Such problems threaten to destabilize the interim government of President Hamid Karzai and undermine goodwill toward the United States following its overthrow of the oppressive Taliban regime in 2001. And as Iraq draws attention and money away, time to get things right is running out, experts warn.

"Our biggest fear is that this opportunity will be lost because pressures for the appearance of success, particularly internationally, will lead to money being spent in the wrong way, on the wrong kinds of investments," said Paul O'Brien, advocacy coordinator for the U.S.-based aid agency CARE International. "What we need is long-term, sustainable benefit for Afghan people so that we help to create an environment where they can rebuild their country."

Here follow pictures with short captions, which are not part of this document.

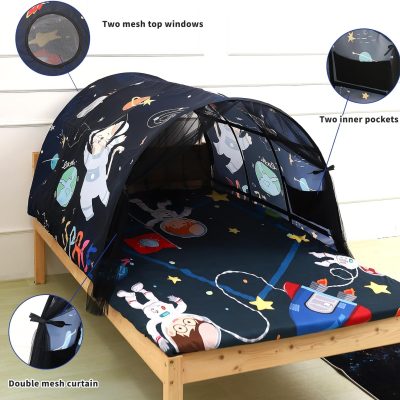 Bed Tent for Kids Lucky Castle Toddler Bed Tent Foldable Game House for Children Play Tents for Girls Boys Sleeping Canopy Playhouse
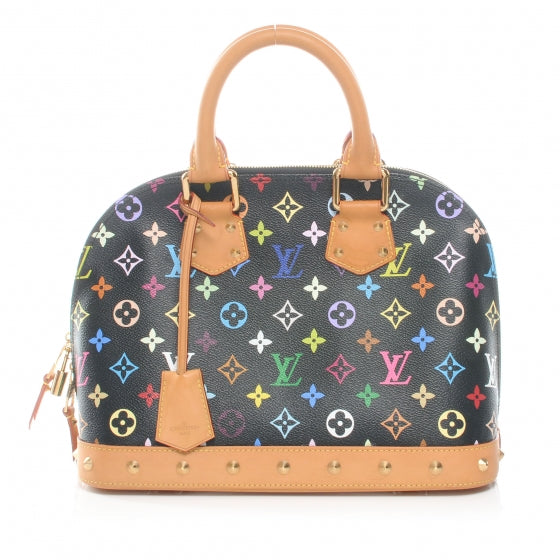 Louis Vuitton Monogram Multicolor Alma Black 1 of 7
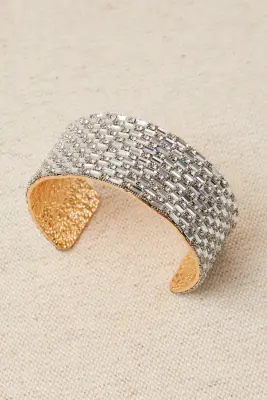 Pulsera Brazalete Fino Brillo
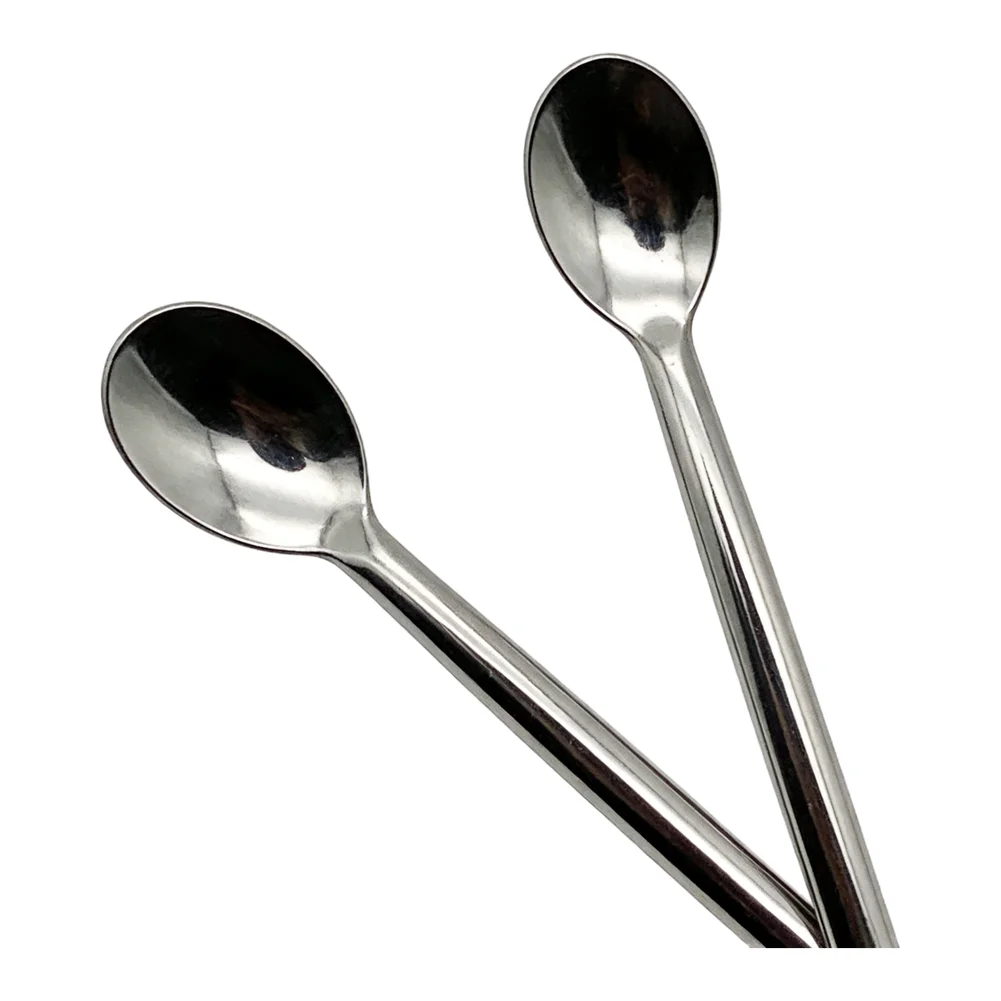 Laboratory Stainless Steel Sampling Spoon Spatula Tool 20cm Double End 2 Pieces for Safe Handling and Transfer of Materials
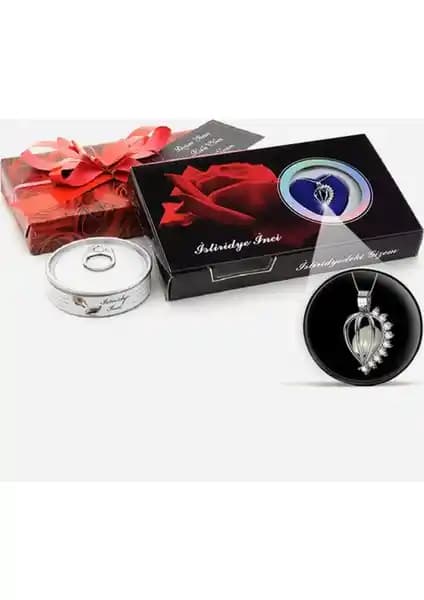 İstiridye İnci Efsane Okyanusun Ruhu: Zarif ve Doğal Tasarımlı Lüks Kolye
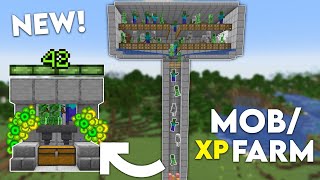 Minecraft EASIEST MOB XP FARM Tutorial 119 Improved Version [upl. by Nailuj60]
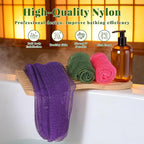 African Net Sponge Authentic, 3 Pieces Exfoliating Scrubber Bath Sponge - Image 6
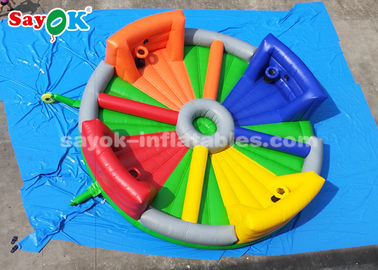 Gioco gonfiabile gigante dei giochi 8*8m Chow Down Inflatable Hungry Hippos per il gioco degli adulti e dei bambini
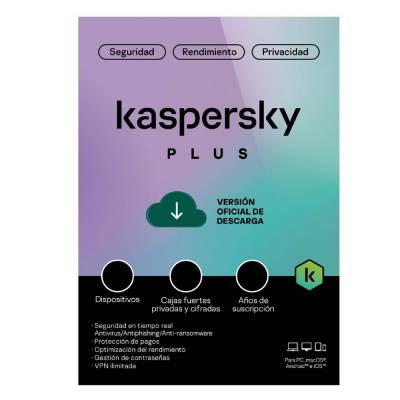 Kaspersky Plus LatAm 5 Dvc  3 Account KPM 1Y Bs DnP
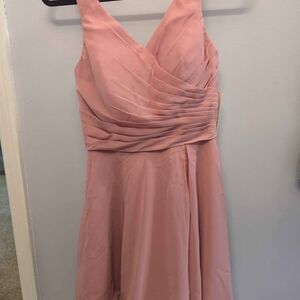 Elegant Pink Sleeveless Dress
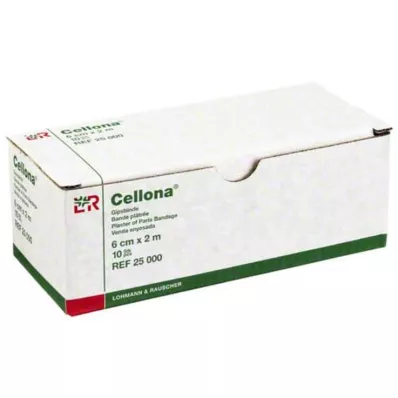 CELLONA Gipso tvarstis 6 cmx2 m, 2X5 vnt CELLONA Gipso tvarstis 6 cmx2 m, 2X5 vnt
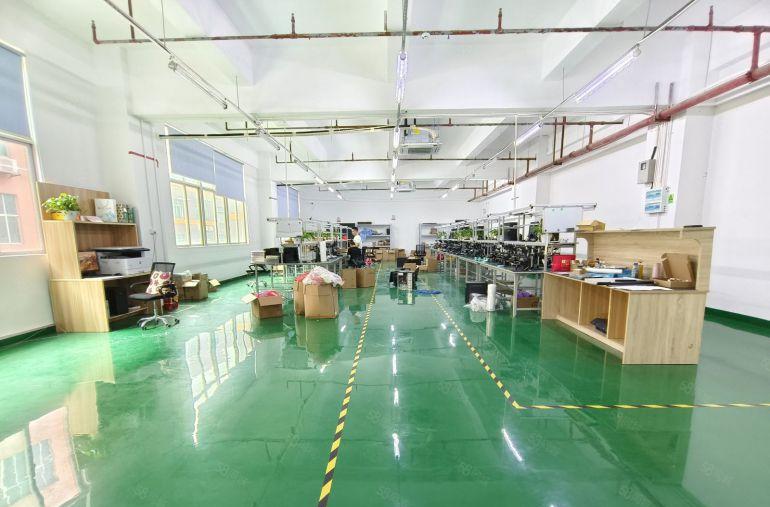 沙井厂房出租2000平方500平起分精装修无尘车间无需转让费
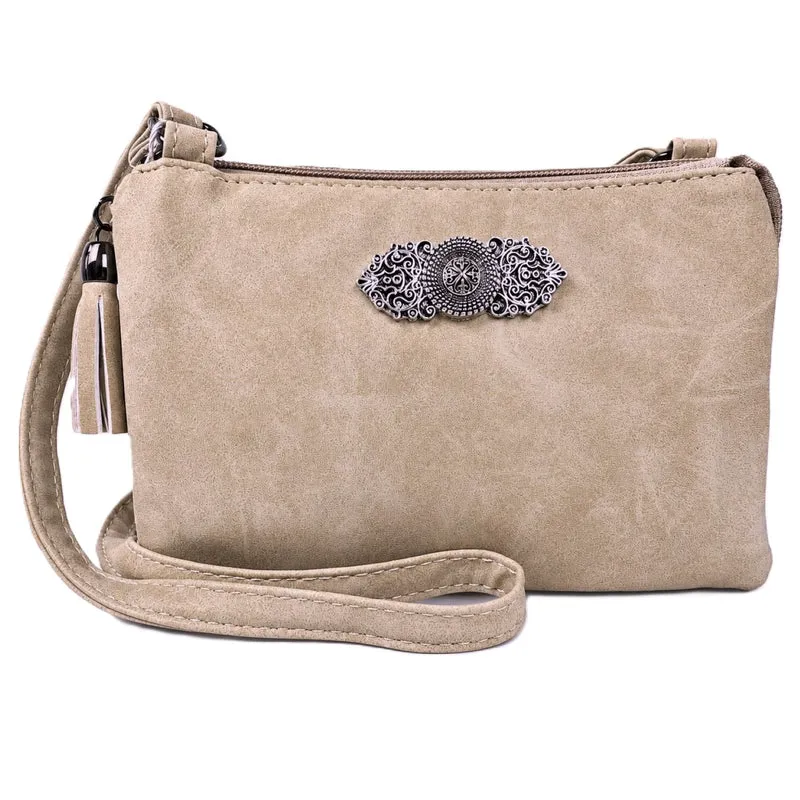 Trachten Handtasche "Sofia" - Dirndl Umhängetasche | Taupe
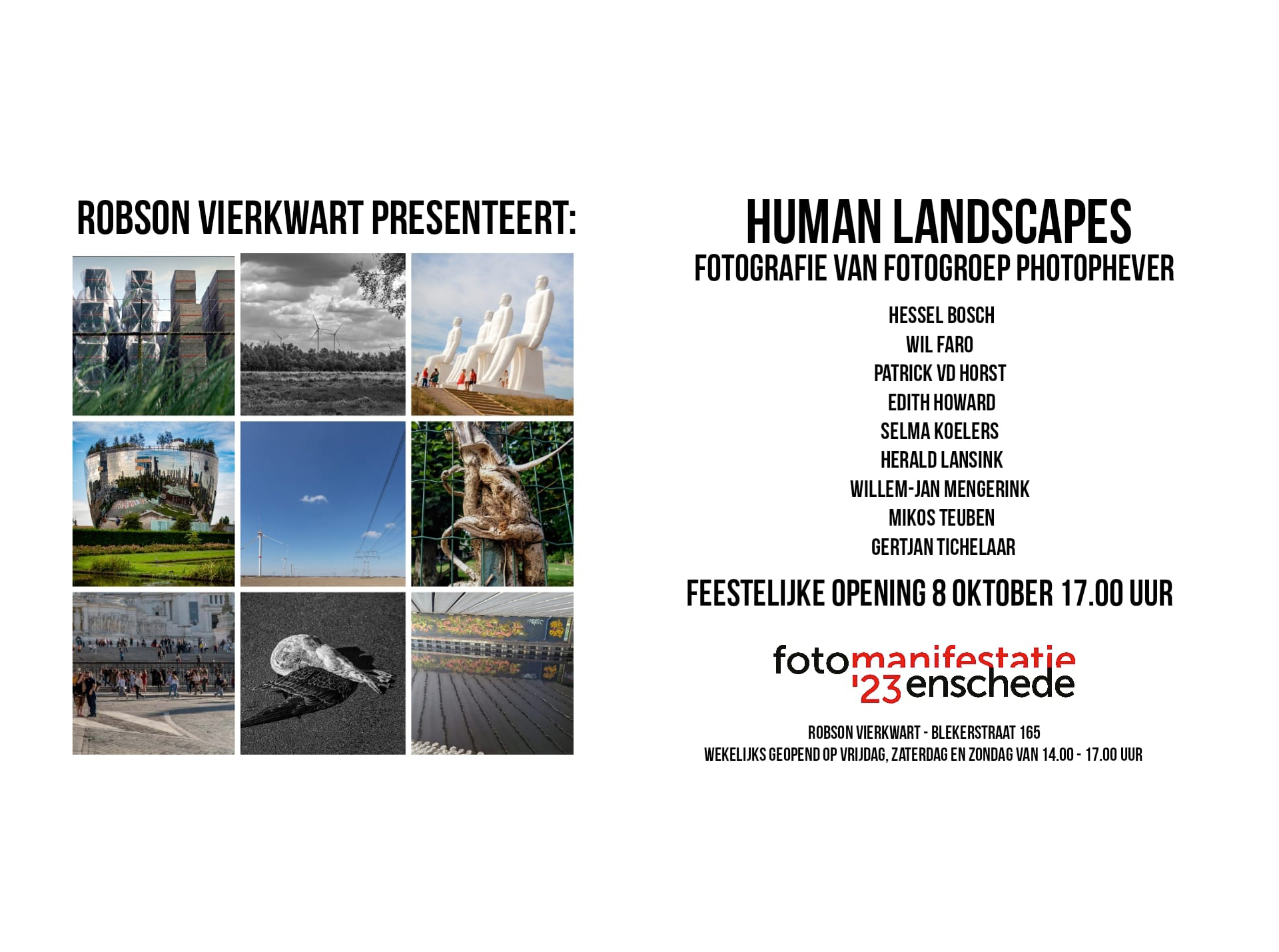‘Human Landscapes’ – Fotomanifestatie Enschede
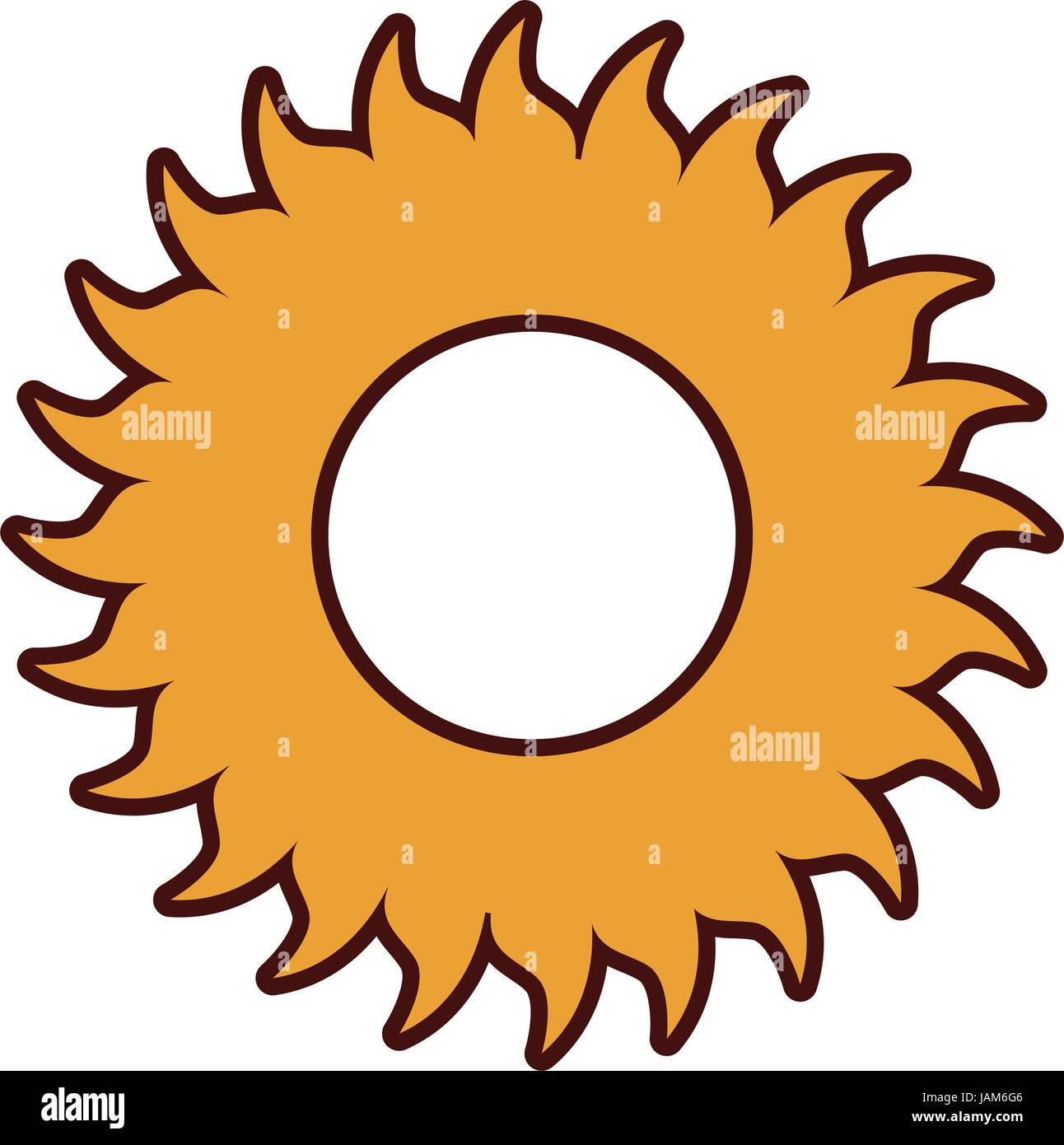 summer sun weather icon Stock Vector Image & Art - Alamy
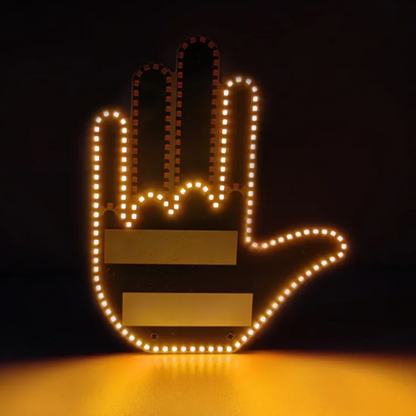 GlowCarTech™ - LED Hand Sign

The U.S. has paid $60 million to build schools, provide textbooks and train teachers. However, Afghanistan's cash-poor government is responsible for paying the teachers -- and it doesn't have the money. Teachers are quitting and schools closing because warlords who helped the U.S. military during the 2001 war -- and received money and weapons in return -- are resisting Karzai's order to hand over an estimated $800 million in annual tax revenue.

"We have to worry about our priorities if we can't find enough money to pay teachers $100 a month," said Paul Barker, CARE's director in Afghanistan.

In March, Washington agreed to give $35 million in financing and political risk insurance to Hyatt International to construct a five-star hotel where the legions of entrepreneurs and aid officials can stay when they visit Kabul.

Yet the city's estimated 3 million people live without such basics as a sewer system, and there is no plan to build one.

The Afghan government has borrowed $3.4 million from the Asian Development Bank to prepare the ground for a $400-million city of at least 750,000 people, to be built on disputed government land in semi-desert territory northeast of Kabul. Yet it doesn't know if any donors or investors will pay to complete the city or if there will be enough clean water and jobs for residents. When crews tried to drill test wells recently, militia members who claim the land is theirs opened fire. About 1,600 foreign and local aid agencies are working in Afghanistan, more than three times the number under the Taliban. But the government finds it difficult to weed out the bad from the good.

It shut down the Peace Humanitarian Agency in July and arrested its Afghan head on suspicion that the organization, which claimed to be based in the Netherlands, was ripping off aid money, said Abdul Qayom, who heads the office overseeing nongovernmental organizations, or NGOs. It's difficult to know how many may be stealing, he said.

"There are some 'Mafia' NGOs that have heard on the news there is so much opportunity in Afghanistan because of all the donations, so they have just showed up," Qayom said. "Our policy in the government of Afghanistan is that whoever comes can have registration.

"It's not easy for us to prove the identity of any NGO until it is implementing a project," he added. "There are only 18 people in this department, including maids and office boys."

Reconstruction Minister Amin Farhang is investing a lot of faith in the promise of private capital. He is enthusiastic about a $2-billion farming and forestry project proposed by Permanente Corp., a new company headed by a Los Angeles entrepreneur, Marc Seidner.

Seidner and his mainly Afghan American partners say that over the next decade they can transform vast dust-blown wastelands into rich forests, chicken and turkey farms and fruit and nut orchards that could generate about $6 billion a year.